2011 Joint AAPM/COMP Meeting
Mr. Kevin D. Kelly, MMSc, Savannah Oncology Center, Savannah, GA, 31405, United States
For more information about the American Association of Physicists in Medicine, visit aapm.org/

The methods of 2D screening ultrasound image gathering and review were analyzed, and improvements were made to increase the cancer yield compared with handheld ultrasound breast screening. It was important to understand that recognition of an unexpected finding is made easier when the finding is in motion or appears to be in motion. It is a natural feature of ultrasound to be able to create this sense, since image generation is quick, harmless, and inexpensive. Thousands of images can be created and reviewed as a cine loop during the detection process by looking for an abnormality of motion. Once that abnormality is detected, the still images of that region can be reviewed for their diagnostic content.
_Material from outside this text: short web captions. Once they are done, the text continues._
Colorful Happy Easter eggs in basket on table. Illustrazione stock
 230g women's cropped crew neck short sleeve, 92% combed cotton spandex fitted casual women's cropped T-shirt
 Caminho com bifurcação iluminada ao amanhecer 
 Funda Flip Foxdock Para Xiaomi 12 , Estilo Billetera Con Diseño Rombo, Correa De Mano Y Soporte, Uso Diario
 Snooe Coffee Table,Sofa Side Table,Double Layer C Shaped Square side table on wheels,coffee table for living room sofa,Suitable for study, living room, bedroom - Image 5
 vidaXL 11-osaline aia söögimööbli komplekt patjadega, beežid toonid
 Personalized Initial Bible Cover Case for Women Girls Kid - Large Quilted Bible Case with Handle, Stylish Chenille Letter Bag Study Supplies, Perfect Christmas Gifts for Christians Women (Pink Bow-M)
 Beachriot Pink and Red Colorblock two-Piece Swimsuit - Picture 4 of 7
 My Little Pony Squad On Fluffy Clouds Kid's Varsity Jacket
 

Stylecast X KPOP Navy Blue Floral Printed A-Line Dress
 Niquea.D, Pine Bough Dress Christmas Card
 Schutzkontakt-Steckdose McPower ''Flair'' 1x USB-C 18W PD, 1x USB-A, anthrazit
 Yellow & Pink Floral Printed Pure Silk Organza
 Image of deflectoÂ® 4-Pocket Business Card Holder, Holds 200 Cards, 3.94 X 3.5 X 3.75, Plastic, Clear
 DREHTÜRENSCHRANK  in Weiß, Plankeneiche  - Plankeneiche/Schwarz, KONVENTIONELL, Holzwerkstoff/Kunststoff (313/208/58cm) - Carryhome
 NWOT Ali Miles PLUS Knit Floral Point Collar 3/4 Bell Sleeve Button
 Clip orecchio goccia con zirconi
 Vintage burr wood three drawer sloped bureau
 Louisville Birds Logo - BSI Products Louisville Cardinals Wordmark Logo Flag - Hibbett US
A number of problems were identified that potentially decrease the changes of recognizing subtle findings indicative of possible cancer: the speed and randomness of scanning, distraction of the reader by patient interaction, ambient lighting, impermanence of images, image spacing, image size, and contrast. These problems were mitigated by computer control of the scanning to ensure image generation every 0.8 mm and full coverage of both breasts with craniocaudad rows overlapping 7 mm, permanently recorded images allowing offline review in a darkened, non-distracting environment, a decrease of image size with high-resolution monitors, and expansion of the gray scale steps in the region of fat and cancer. A study of 6425 dense-breasted women with screening mammograms showed a doubling of cancer detection and a tripling of  1 cm invasive cancers with the addition of automated ultrasound with these improvements compared with screening mammography alone. The ACRIN 6666 study of handheld screening ultrasound found a 60% increase of cancer detection.